Task means processing of data is in progress either on mapper or reducer.
2. Master divides the work into task and schedules it on the slaves.
Task Attempt
1. A particular instance of an attempt to execute a task on a node.
2. There is a possibility that anytime any machine can go down. For example, while processing data if any node goes down, framework reschedules the task to some other node. This rescheduling of the task cannot be infinite. There is an upper limit for that as well. The default value of task attempt is 4. If a task (Mapper or reducer) fails 4 times, then the job is considered as a failed job. For high priority job or huge job, the value of this task attempt can also be increased.
Map Abstraction
Let us understand the abstract form of Map, the first phase of MapReduce paradigm, what is a map/mapper, what is the input to the mapper, how it processes the data, what is output from the mapper? The map takes key/value pair as input. Whether data is in structured or unstructured format, framework converts the incoming data into key and value.
- Key is a reference to the input value.
- Value is the data set on which to operate.
Map Processing
- A function defined by user – user can write custom business logic according to his need to process the data.
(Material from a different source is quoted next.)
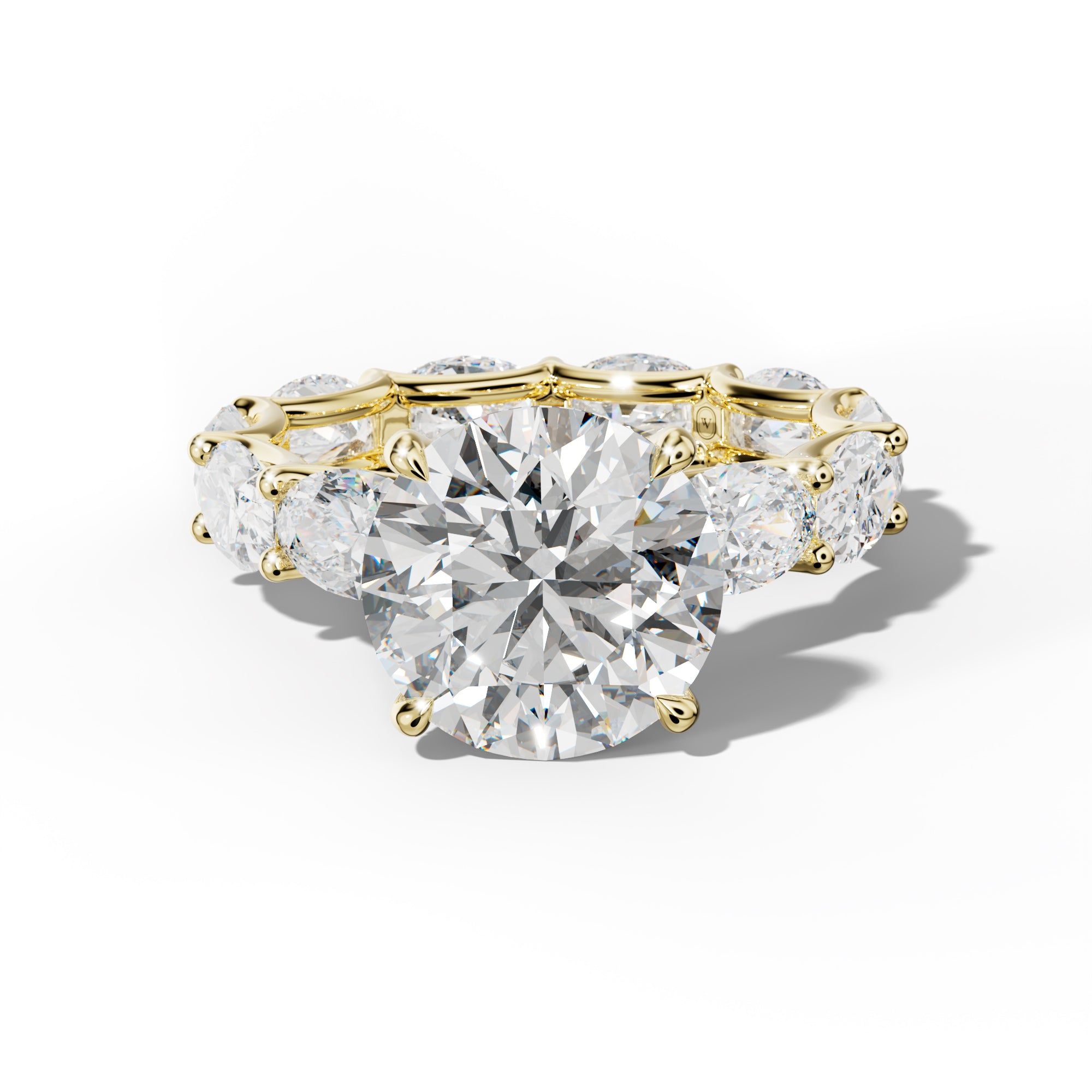 Paisley Round Diamond Engagement Ring With East West Oval Side Stones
- Applies to every value in value input.
Map produces a new list of key/value pairs
- An output of Map is called intermediate output.
- It can be the different type from input pair.
- An output of map is stored on the local disk from where it is shuffled to reduce nodes.
Reduce Abstraction
Now let’s discuss the second phase of MapReduce – Reducer, what is the input to the reducer, what work reducer does, where reducer writes output?
Reduce takes intermediate Key / Value pairs as input and processes the output of the mapper. Usually, in the reducer, we do aggregation or summation sort of computation.
- Input given to reducer is generated by Map (intermediate output)
- Key / Value pairs provided to reduce are sorted by key
Reduce processing
- A function defined by user – Here also user can write custom business logic and get the final output.
- Iterator supplies the values for a given key to the Reduce function.
Reduce produces a final list of key/value pairs:
- An output of Reduce is called Final output.
- It can be a different type from input pair.
- An output of Reduce is stored in HDFS.
How Map and Reduce Work Together?
As shown in above figure Input data given to mapper is processed through user defined function written at mapper. All the required complex business logic is implemented at the mapper level so that heavy processing is done by the mapper in parallel as the number of mappers is much more than the number of reducers. Mapper generates an output which is intermediate data and this output goes as input to reducer.
This intermediate result is then processed by user defined function written at reducer and final output is generated. Usually, in reducer very light processing is done. This final output is stored in HDFS and replication is done as usual.